TASK -> An acceptable answer contains every record below, unchanged, and no pictures.

AVAILABLE RECORDS ->
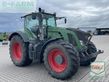 Tractor agrícola - Fendt - 924 vario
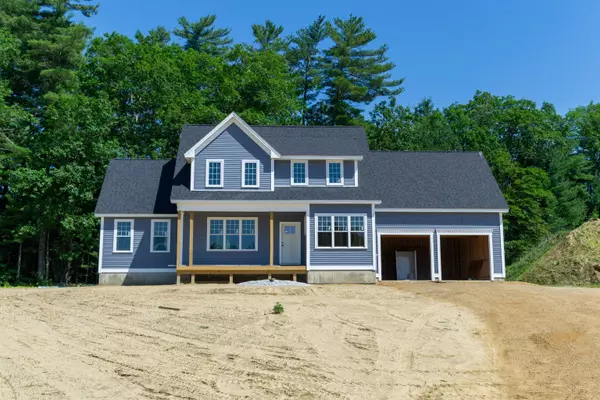 Brentwood, NH 03833,8 Stone Creek DR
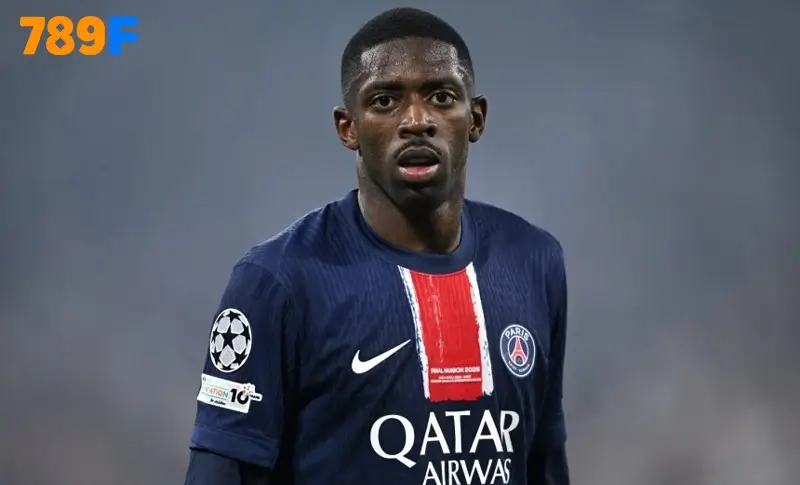 Marseille vs PSG hoãn trận phút chót vì mưa lũ dữ dội 1 Dembélé thời còn ở Barcelona nhiều lần gây thất vọng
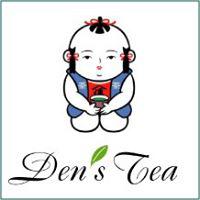 Den's Tea Inc. Logo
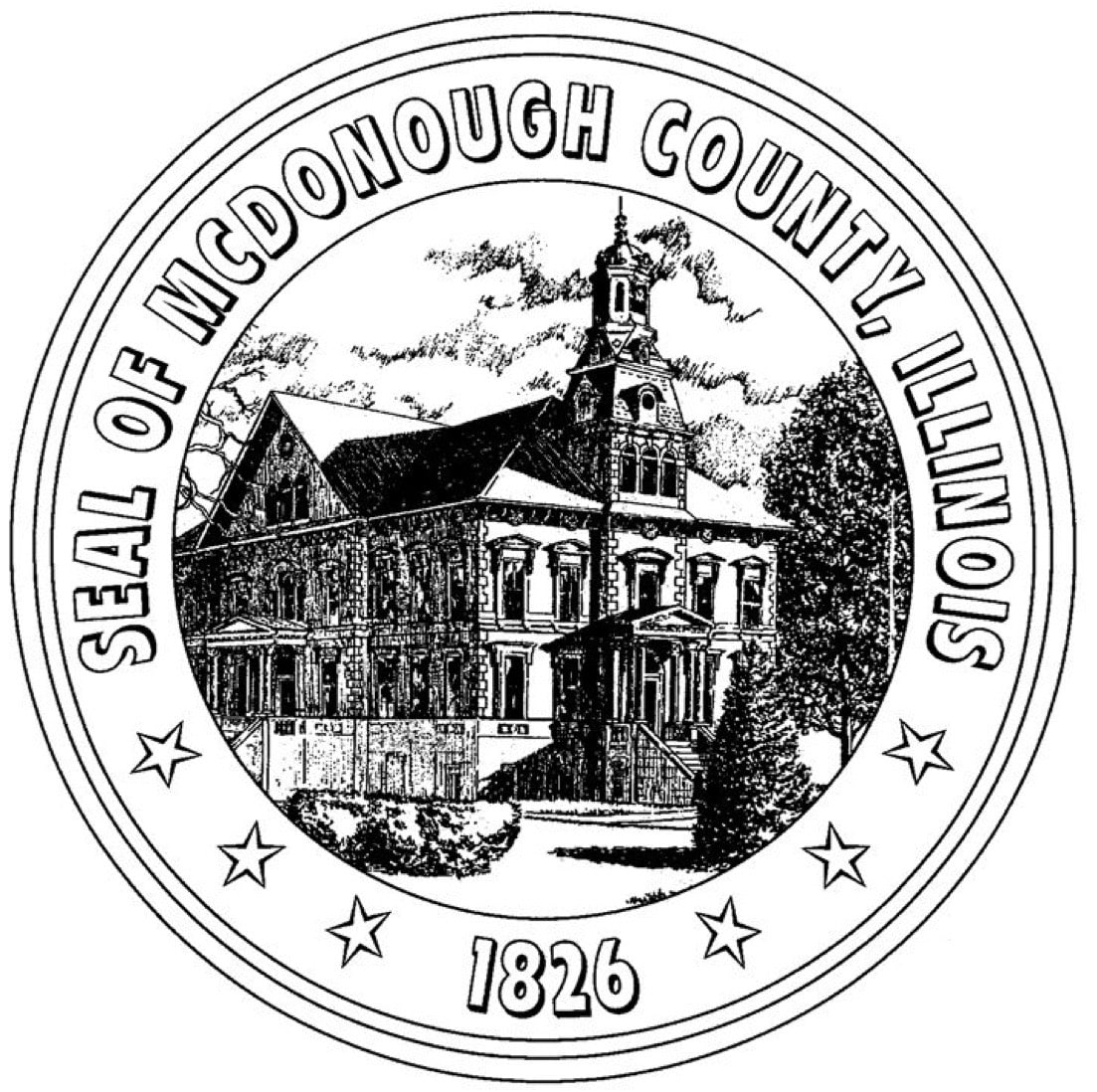 McDonough County Logo1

COMPLETED TASK ->
 Tractor agrícola - Fendt - 924 vario
 Brentwood, NH 03833,8 Stone Creek DR
 Marseille vs PSG hoãn trận phút chót vì mưa lũ dữ dội 1 Dembélé thời còn ở Barcelona nhiều lần gây thất vọng
 Den's Tea Inc. Logo
 McDonough County Logo1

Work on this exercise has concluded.